Le planning poker, en exigeant que les cartes soient montrées en même temps cherchent à éradiquer ce biais.

L’identification
S’identifier à une personne est plus fort que s’adosser à des statistiques ! Le mécanisme des persona s’appuie sur cela (en lieu et place des rôles, plus abstraits).
Ce que j’en ai pensé
Essentiellement que je suis frustré de n’avoir pas mieux suivi cette session. Damnation ! Car le sujet m’intéresse au plus haut point. Mais je ne peux en vouloir qu’à moi-même. J’espère que le support ou mieux l’enregistrement sera bientôt disponible…
Christophe Addinquy : User Stories, what else ?
C’est mon tour ! Au programme une version plus dense, en partie raccourcie et en partie modifiée de ma présentation faite à Agile Grenoble 2013. J’ai dans ma liste de tâches, la rédaction de cette présentation sous forme d’article, comme je l’ai fait pour Scrum Shu Ha Ri.
Je publierai aussi sous peu la nouvelle version correspondante du support.
Les 10 buzzwords du hipster agile
Cette dernière demi-session ne fut pas ma préférée de l’après-midi, bien au contraire. Le but était en principe de démystifier certains de ces buzzwords, de les dégonfler. En fait, je me suis trouvé en désaccord avec nombre des assertions de Christopher et Hervé !

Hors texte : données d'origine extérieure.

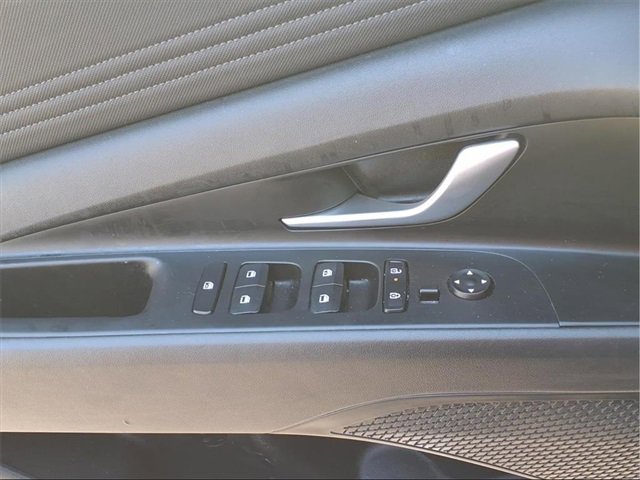 Used 2025 Hyundai Elantra SEL image 17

- Lean Startup = XP + Product Management ! Bien sûr, Eric Rie est un ancien de XP. Un peu léger pour affirmer que Lean Startup est un réhabillage d’XP avec les idées de Steve Blank ! Il ya mieux et plus à dire d’autant que l’inspiration initiale est beaucoup plus « lean ». Dehors !
- Le MVP n’est pas la réalisation minimale de mon produit. Je suis d’accord !
- Le devops n’est pas un process ou un outil, mais la collaboration entre ops et dev : d’accord aussi !
- Continuous deployment, ce n’est pas mettre en production des bug fixes tous les jours. Certainement, mais d’ou vient cette idée ?
- Le Kanban, il doit suivre la définition d’Anderson ! Ce n’est pas lui qui a inventé le Kanban, et on peut aussi faire des proto-Kanban sans mettre en place de WIP initialement !
- Le Proxy PO : Bon, nous sommes d’accord sur l’absurdité du concept !
- La transformation agile d’entreprise. Une foutaise pour les orateurs. Certainement, si on mène cela comme un nouveau process et non comme un changement culturel et organisationnel !
- La feature team : Désolé, je ne suis pas prêt à considérer comme un « nouveau buzz » quelque chose décrit par Ken Schwaber en 2004…
- Le Design Thinking. Bien, là aussi je doute que les orateurs ait fait l’effort de rentrer dans le concept…
- Agile. Oui c’est vrai le « on fait ça depuis longtemps mais on appelait pas ça comme ça », on l’entend réellement tous les jours.
Bref, pas enthousiasmé par cette session. Mais alors, pas du tout…
Fresque Finale
Le scribing était notre grand fil rouge de la conférence. Pour clore en beauté celui-ci, Romain nous a invité à élaborer en commun une grande fresque faisant le tour de la salle Belvédère. Un bel exercice !

Keynote de clôture ?
L’organisation d’Agile France nous réservait une petite surprise pour clore ces deux jours : une fausse session proposée avec talent par la compagnie des Z’Humbles.

Drôle et bien enlevé. C’est une façon originale de terminer cet Agile France !
Alors, cet Agile France 2014…

Une formule en grand changement pour cette nouvelle édition, avec deux après-midi à caractère spécifique, sans oublier le fil rouge de Romain. Toujours une grande qualité dans les sessions et la magie du Chalet de Porte Jaune ! Les organisateurs ont réellement redoublé d’efforts pour réussir cette nouvelle édition.